*Provided material:*
::::::::
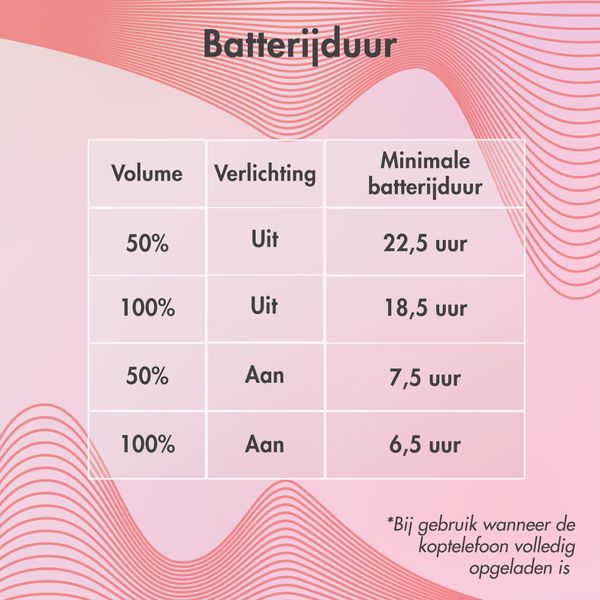 imoshion Draadloze Kinderkoptelefoon LED Light - Decibelbegrenzer - Met AUX kabel - Hartjes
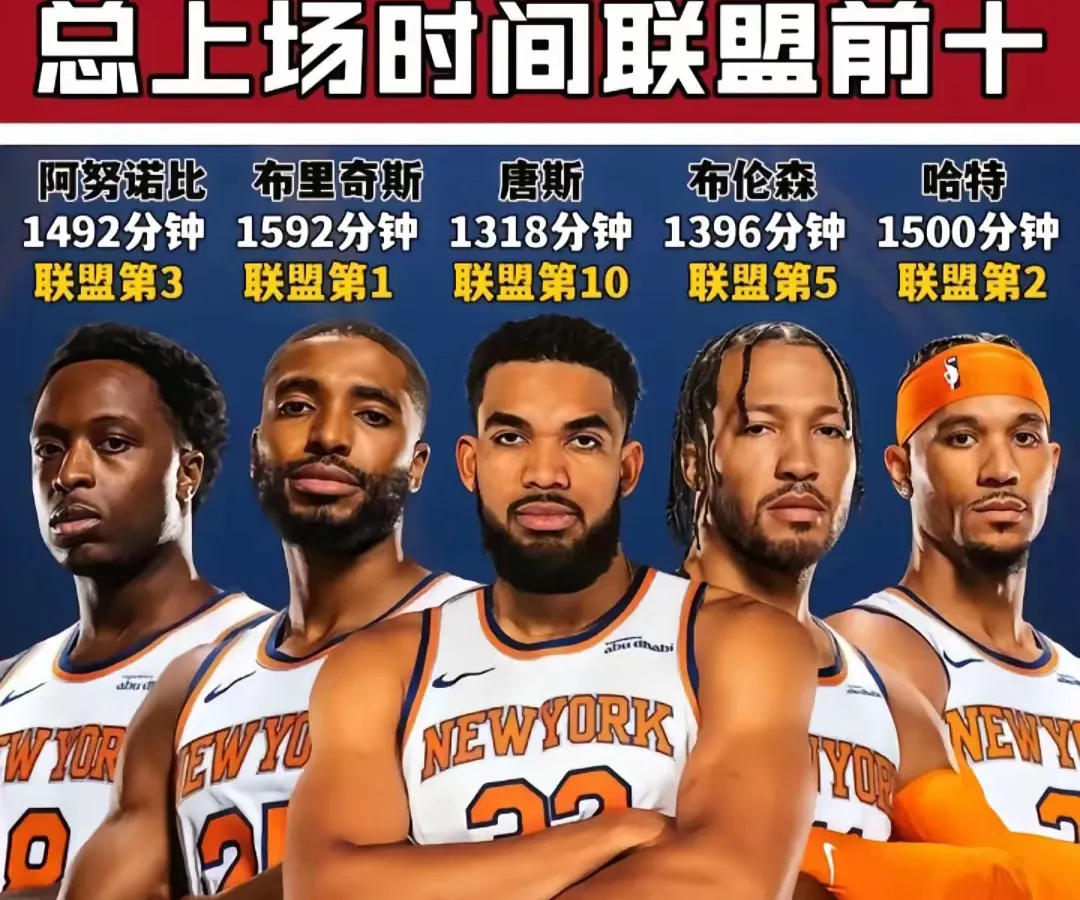 赛地聚焦：NBA总决赛赛前热度飙升，斯图加特调整名单，信心回归，高层口径保持一致的简单介绍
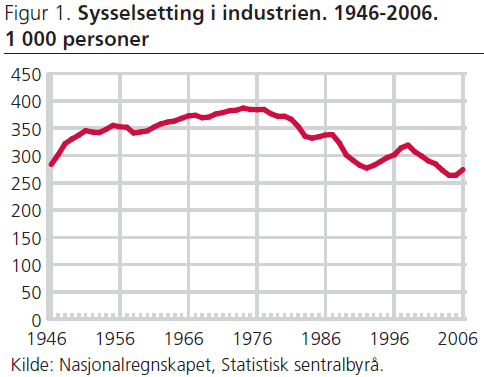 Tabell 4.2: Oversikt over sysselsetting i industrien 1946-2006 (Kilde: www.ssb.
::::::::
*About this exercise:* Each line from the one with "赛地聚焦：NBA总决赛赛前热" to the final line of the data above is to be printed exactly; no picture should appear in the copy.

*Solution to the problem:*
 赛地聚焦：NBA总决赛赛前热度飙升，斯图加特调整名单，信心回归，高层口径保持一致的简单介绍
 Tabell 4.2: Oversikt over sysselsetting i industrien 1946-2006 (Kilde: www.ssb.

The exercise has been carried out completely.